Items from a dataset
______

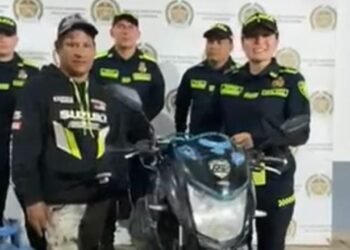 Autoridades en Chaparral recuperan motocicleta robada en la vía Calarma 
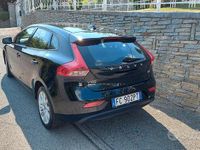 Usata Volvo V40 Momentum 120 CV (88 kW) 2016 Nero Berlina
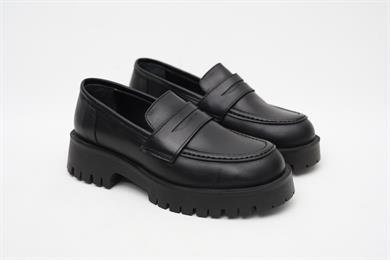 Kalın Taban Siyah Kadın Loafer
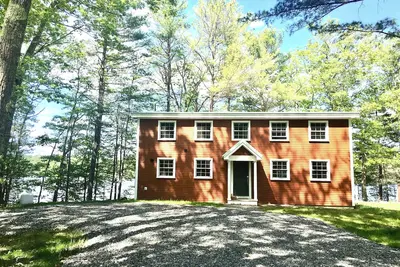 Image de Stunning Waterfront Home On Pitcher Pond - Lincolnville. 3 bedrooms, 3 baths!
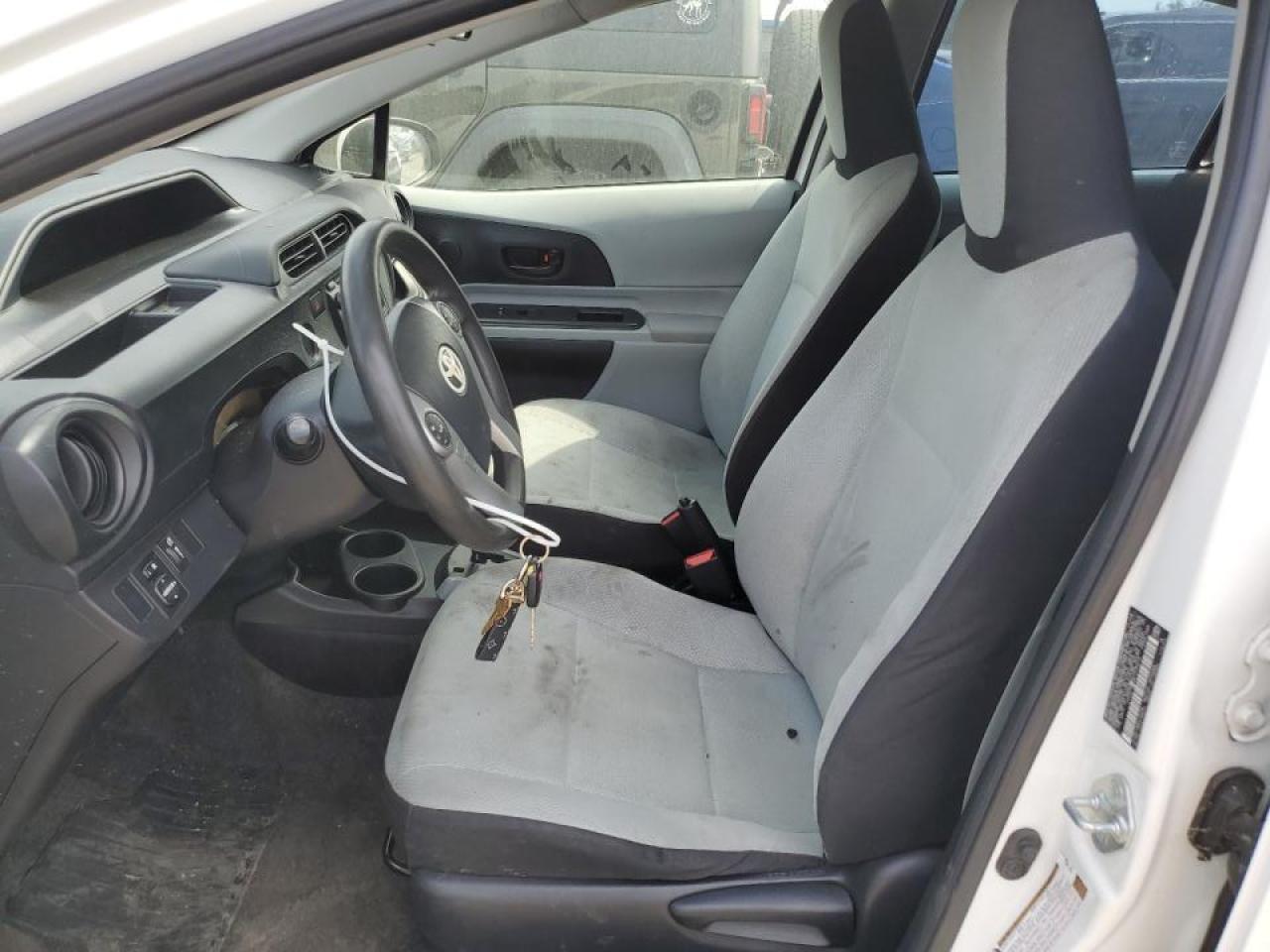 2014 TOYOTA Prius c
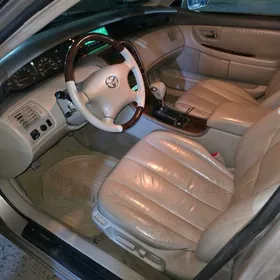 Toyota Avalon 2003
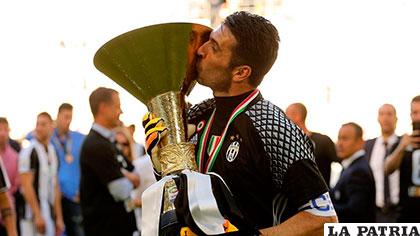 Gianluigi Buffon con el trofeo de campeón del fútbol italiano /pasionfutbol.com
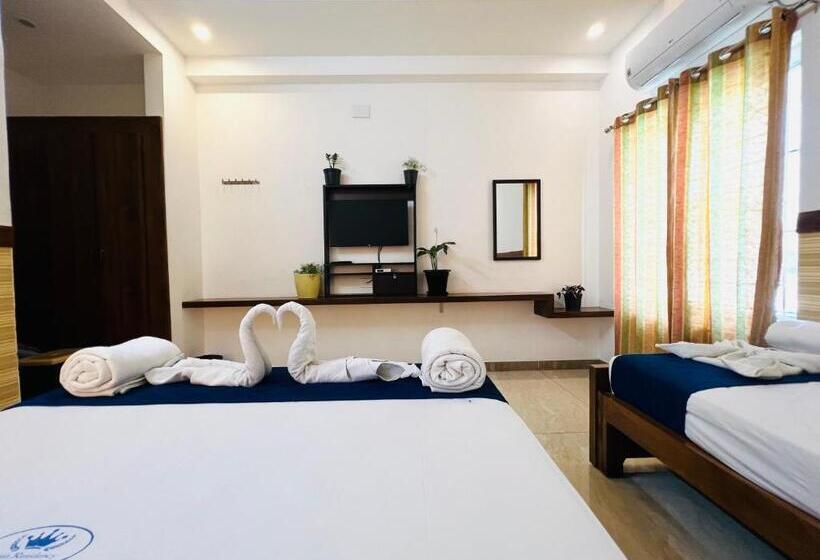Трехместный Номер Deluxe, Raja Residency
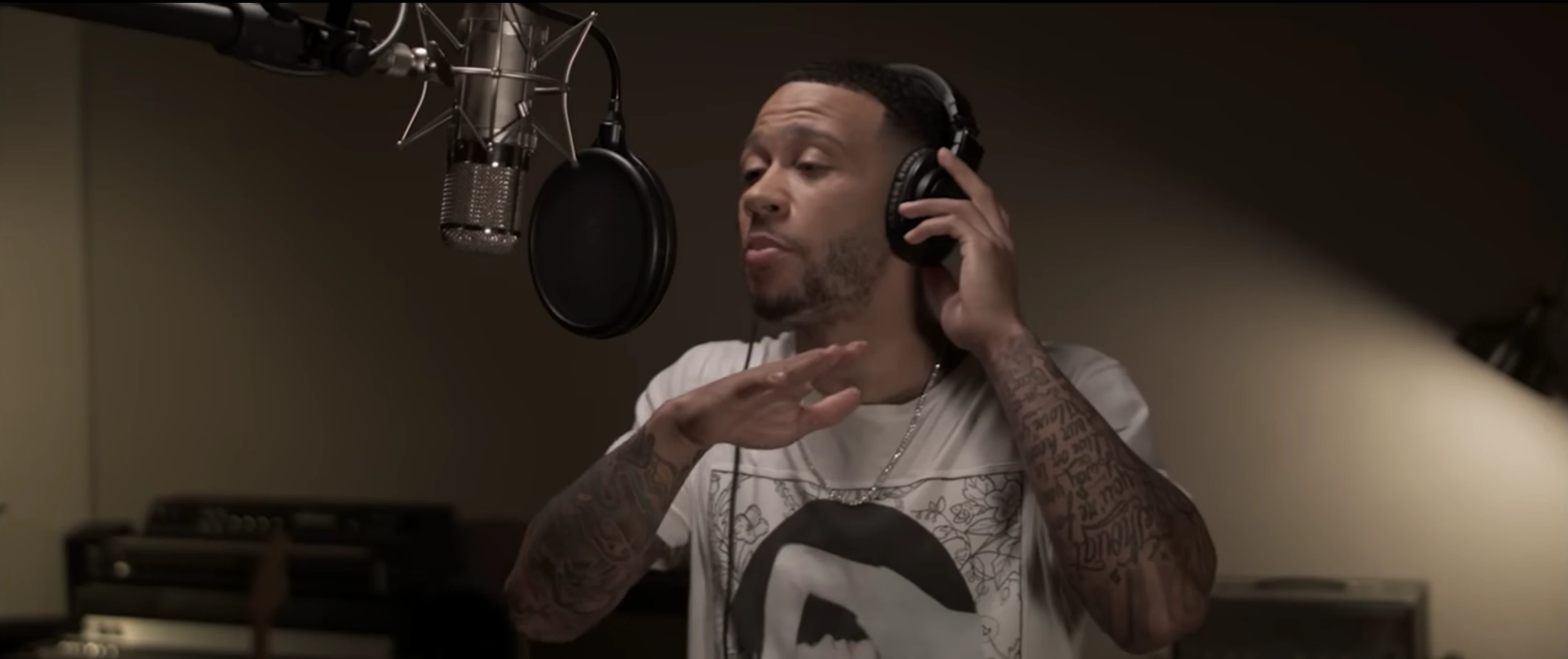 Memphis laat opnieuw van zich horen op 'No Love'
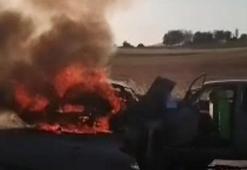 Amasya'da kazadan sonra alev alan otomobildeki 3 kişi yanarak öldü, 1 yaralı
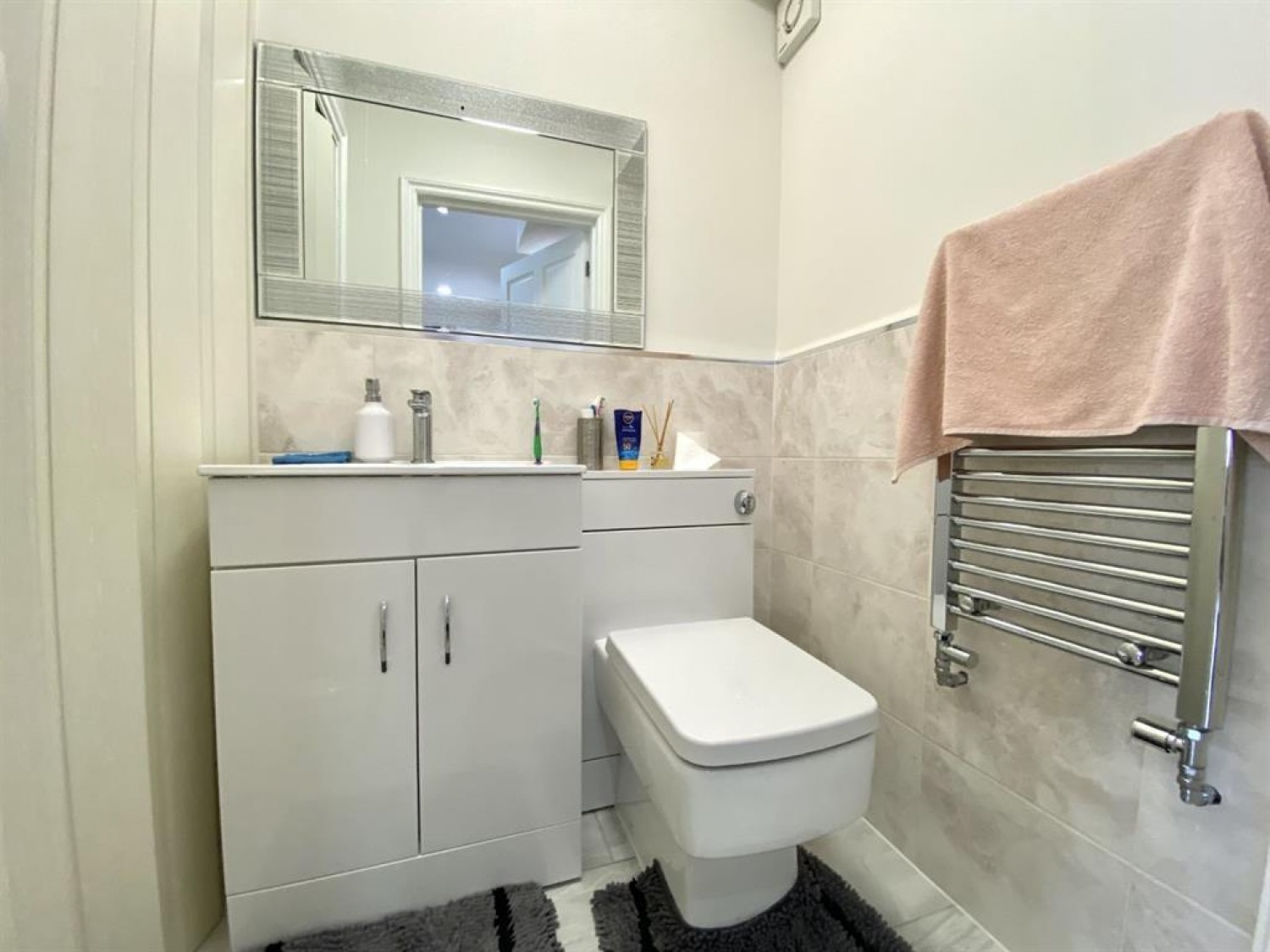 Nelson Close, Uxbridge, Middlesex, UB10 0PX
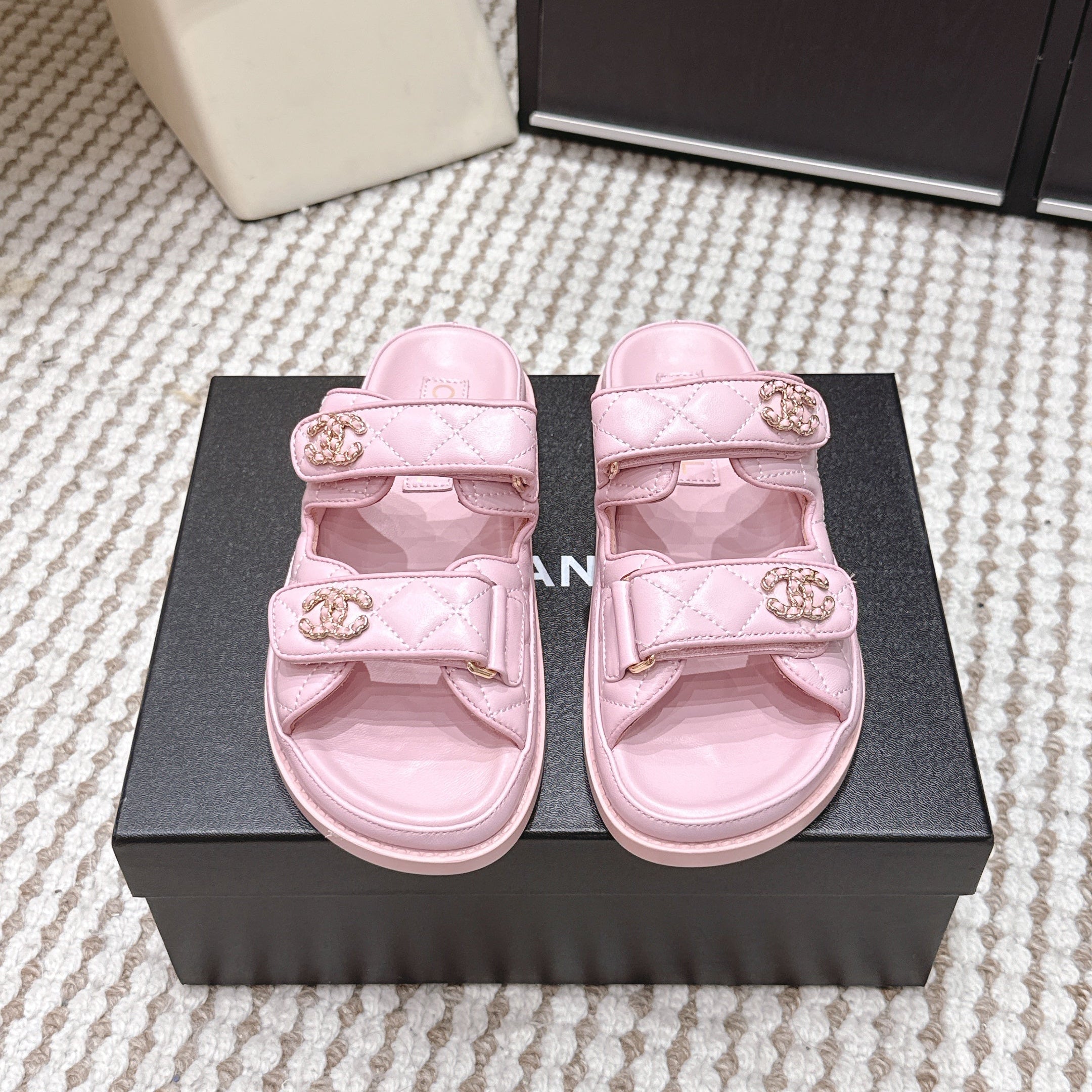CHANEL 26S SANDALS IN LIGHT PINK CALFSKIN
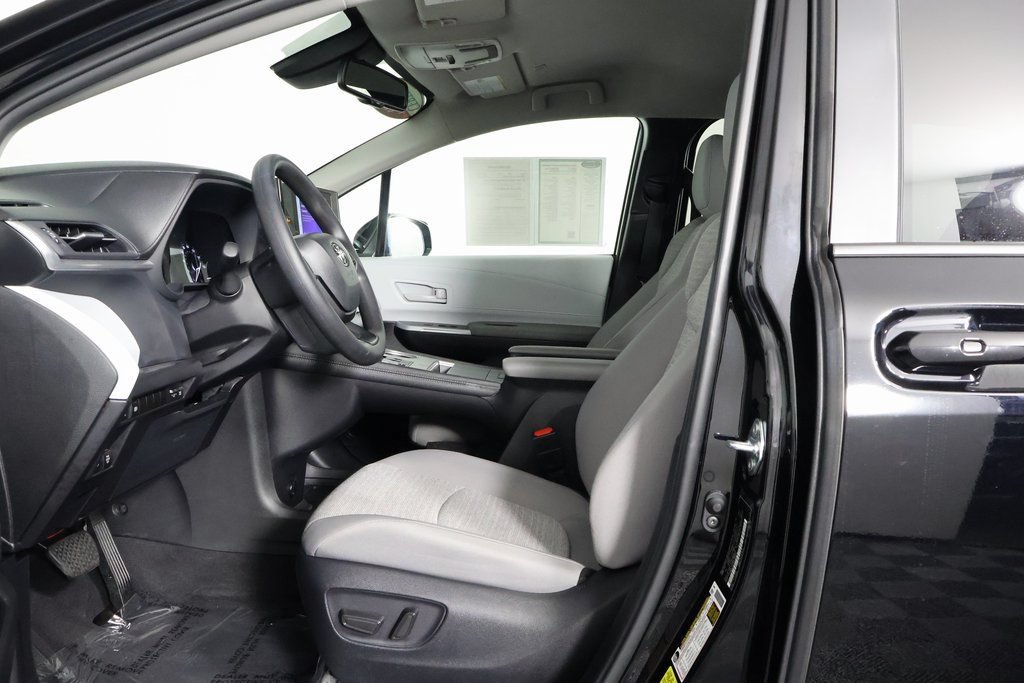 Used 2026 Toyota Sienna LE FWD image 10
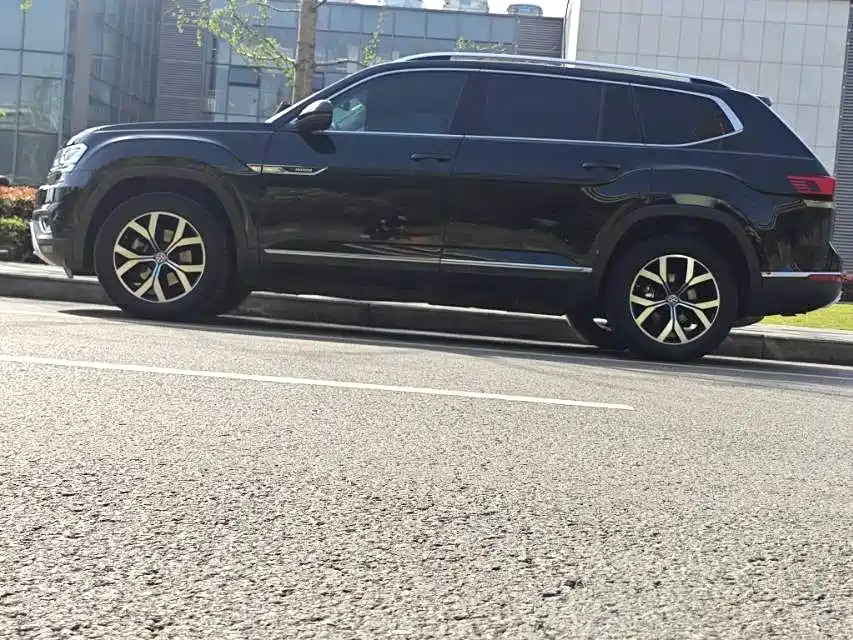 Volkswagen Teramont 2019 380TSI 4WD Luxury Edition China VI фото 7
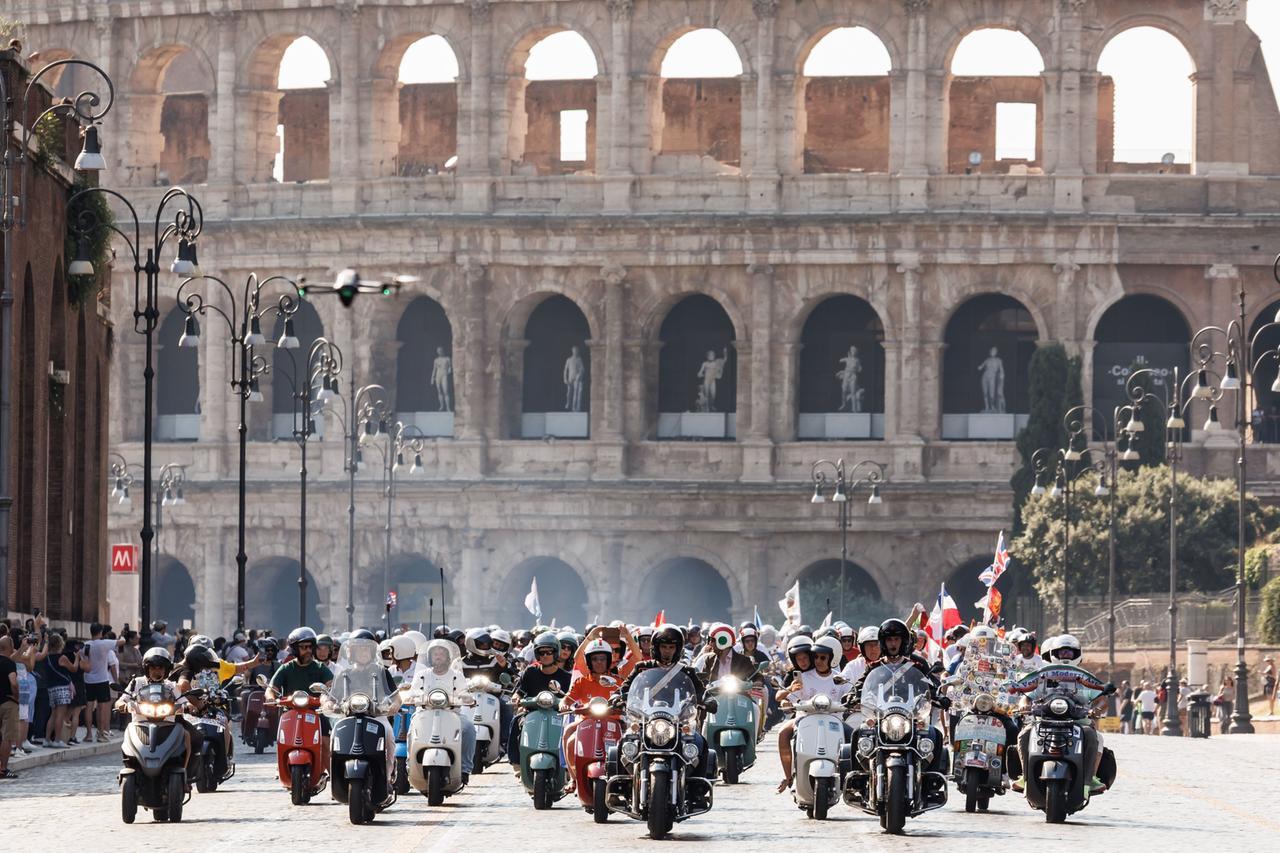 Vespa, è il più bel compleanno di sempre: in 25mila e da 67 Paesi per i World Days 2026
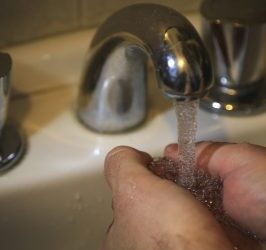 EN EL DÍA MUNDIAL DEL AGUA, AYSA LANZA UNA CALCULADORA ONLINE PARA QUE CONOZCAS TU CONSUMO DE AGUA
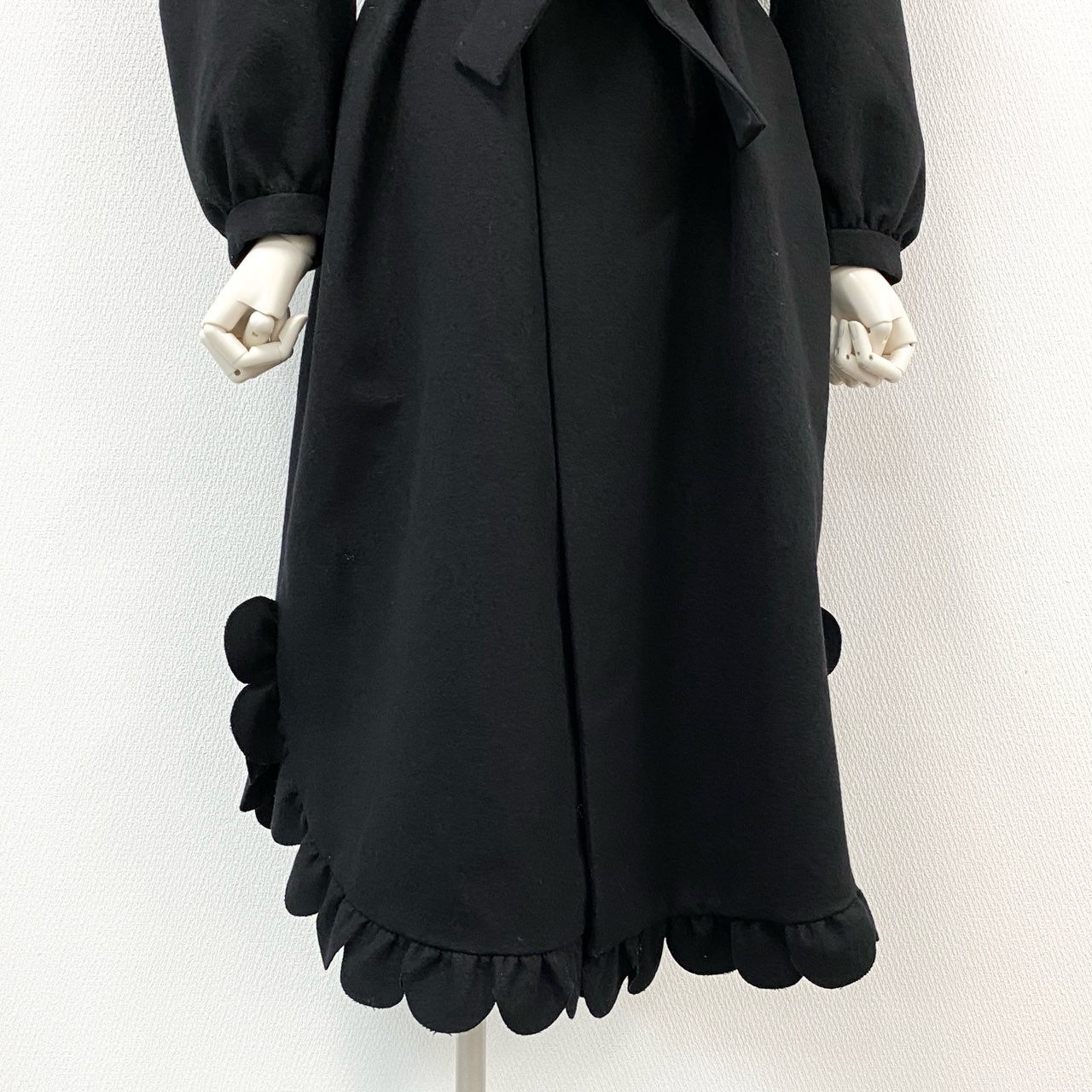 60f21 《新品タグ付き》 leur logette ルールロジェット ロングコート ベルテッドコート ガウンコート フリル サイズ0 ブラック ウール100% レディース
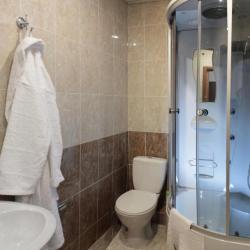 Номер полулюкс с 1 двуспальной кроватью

______

● **Brief**: Give back, exactly and without pictures, the stretch of the records above from the line containing "Трехместный Номер Deluxe, Raja Residency" through the line containing "Used 2026 Toyota Sienna LE FWD image 10", with both end lines included.

● **Task response**:
Трехместный Номер Deluxe, Raja Residency
 Memphis laat opnieuw van zich horen op 'No Love'
 Amasya'da kazadan sonra alev alan otomobildeki 3 kişi yanarak öldü, 1 yaralı
 Nelson Close, Uxbridge, Middlesex, UB10 0PX
CHANEL 26S SANDALS IN LIGHT PINK CALFSKIN
 Used 2026 Toyota Sienna LE FWD image 10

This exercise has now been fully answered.